Stanleytown is a census-designated place (CDP) in Henry County, Virginia, United States. As of the 2020 census, Stanleytown had a population of 1,385. It is part of the Martinsville Micropolitan Statistical Area.
==History==
Edgewood and Stoneleigh houses are listed on the National Register of Historic Places.

==Geography==
Stanleytown is located at (36.751657, −79.948714).

According to the United States Census Bureau, the CDP has a total area of 2.7 square miles (6.9 km^{2}), all land.

==Demographics==
As of the census of 2000, there were 1,515 people, 662 households, and 442 families residing in the CDP. The population density was 564.3 people per square mile (218.3/km^{2}). There were 723 housing units at an average density of 269.3/sq mi (104.2/km^{2}). The racial makeup of the CDP was 88.32% White, 2.57% African American, 0.13% Native American, 0.13% Pacific Islander, 7.46% from other races, and 1.39% from two or more races. Hispanic or Latino of any race were 11.49% of the population.

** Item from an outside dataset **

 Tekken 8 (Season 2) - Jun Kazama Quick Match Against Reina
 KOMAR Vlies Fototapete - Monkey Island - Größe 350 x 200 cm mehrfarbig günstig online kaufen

There were 662 households, out of which 22.7% had children under the age of 18 living with them, 52.0% were married couples living together, 9.4% had a female householder with no husband present, and 33.1% were non-families. 27.9% of all households were made up of individuals, and 14.0% had someone living alone who was 65 years of age or older. The average household size was 2.29 and the average family size was 2.73.

In the CDP, the population was spread out, with 17.8% under the age of 18, 8.8% from 18 to 24, 27.1% from 25 to 44, 25.6% from 45 to 64, and 20.7% who were 65 years of age or older. The median age was 42 years. For every 100 females, there were 105.8 males. For every 100 females age 18 and over, there were 103.9 males.

The median income for a household in the CDP was $32,386, and the median income for a family was $36,927. Males had a median income of $26,164 versus $17,063 for females. The per capita income for the CDP was $18,959. About 12.4% of families and 14.4% of the population were below the poverty line, including 14.7% of those under age 18 and 19.6% of those age 65 or over.